BCCI’s collapse has touched so many Democrats that everyone is waiting for the other shoe to drop. Surely, Washington’s reasoning goes, the Pakistani masterminds who pulled the $12 billion scandal including everything from money laundering to global influence peddling–must have bought influence with Republicans as well. Nothing yet indicates wrongdoing by Hatch; last week, following an inquiry from the senator, the Justice Department sent a letter confirming that “you are not now either a subject or a target” of any investigation. But pin the tail on the elephant–any elephant–has become the favorite parlor game in town. And Hatch is the first to get targeted.

BCCI first hit the U.S. police blotters with the late-1988 money-laundering charges against BCCI and nine executives. By early 1990, BCCI had settled its case with a $15 million fine negotiated between the Justice Department and an army of attorneys directed by Washington superlawyers Clark Clifford and Robert Altman, whose reputations have been tarnished by their role as BCCI advisers and bosses of the bank’s secretly held First American Bankshares. (The two have denied knowing of the arrangement.) On Feb. 22, Hatch took to the floor of the U.S. Senate to defend both the deal and BCCI. Hatch said BCCI’s crimes, though serious, were the work of only “a small number of BCCI’s more than 14,000 employees.” He extolled “senior management, directors and shareholders of BCCI for the responsible way” they dealt with authorities. Last spring Hatch admitted that the 1990 speech was made after two meetings with Altman and two other BCCI lawyers’. The speech was even prepared in part by Altman. Hatch says he spoke solely out of friendship with Altman, receiving nothing. “Sure I’m embarrassed,” Hatch says in retrospect. “But nobody then knew what we know today.”

Information published recently raised new questions. The Wall Street Journal reported that from the early 1980s Hatch had met several times with Lebanese businessman Mohammed Hammoud, allegedly a front man for BCCI in its purchase of First American. But Hatch insists nothing untoward occurred: “We discussed Utah, the Middle East, Lebanon’s leadership and the hostage crisis. Every time. There was never a mention of BCCI.” Adding to Hatch’s BCCI connections, NBC News reported that a Houston businessman of Lebanese origin, Monzer Hourani, in early 1990 asked Hatch to recommend him to BCCI for construction loans. Though Hatch first denied the report, he admitted a day later that he did indeed contact former BCCI CEO Swaleh Naqvi by phone in 1990 on Hourani’s behalf. No loans were ever made, and Hatch said he was simply doing a favor for a friend, Middle East adviser and fellow Mormon. “Any business contacts were incidental,” Hourani says.
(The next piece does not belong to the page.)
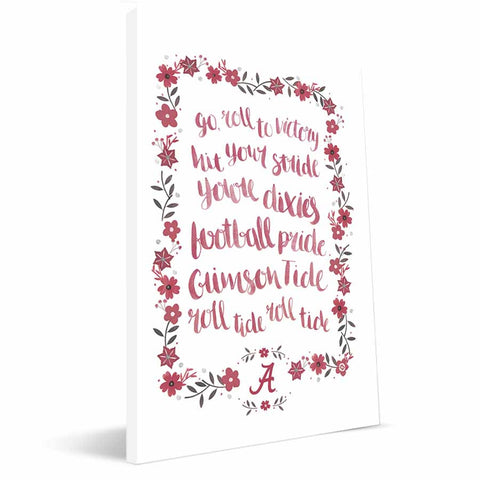 Alabama Crimson Tide Hand-Painted Song Canvas Print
Hatch suspects there may be more at issue in the allegations against him than partisan tit for tat over BCCI. The senator spearheaded an attack on Anita Hill’s credibility during the Clarence Thomas Supreme Court confirmation hearings and now says, “There are a lot of people unhappy with, the Clarence Thomas hearing.” Hatch says that all of his BCCI ties are now public. He’d better hope so. As his Democratic counterparts have found, explaining anything about BCCI once you’re in the line of fire is very hard to do.